WHAT YOU HAVE TO DO:
Give back each line below verbatim.

Short text fragments from websites:
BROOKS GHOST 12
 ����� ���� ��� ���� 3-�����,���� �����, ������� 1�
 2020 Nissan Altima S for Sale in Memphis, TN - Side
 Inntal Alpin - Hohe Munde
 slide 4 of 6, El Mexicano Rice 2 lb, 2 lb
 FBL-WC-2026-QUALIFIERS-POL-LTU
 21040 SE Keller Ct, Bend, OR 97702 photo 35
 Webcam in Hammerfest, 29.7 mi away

RESPONSE AREA:
BROOKS GHOST 12
 ����� ���� ��� ���� 3-�����,���� �����, ������� 1�
 2020 Nissan Altima S for Sale in Memphis, TN - Side
 Inntal Alpin - Hohe Munde
 slide 4 of 6, El Mexicano Rice 2 lb, 2 lb
 FBL-WC-2026-QUALIFIERS-POL-LTU
 21040 SE Keller Ct, Bend, OR 97702 photo 35
 Webcam in Hammerfest, 29.7 mi away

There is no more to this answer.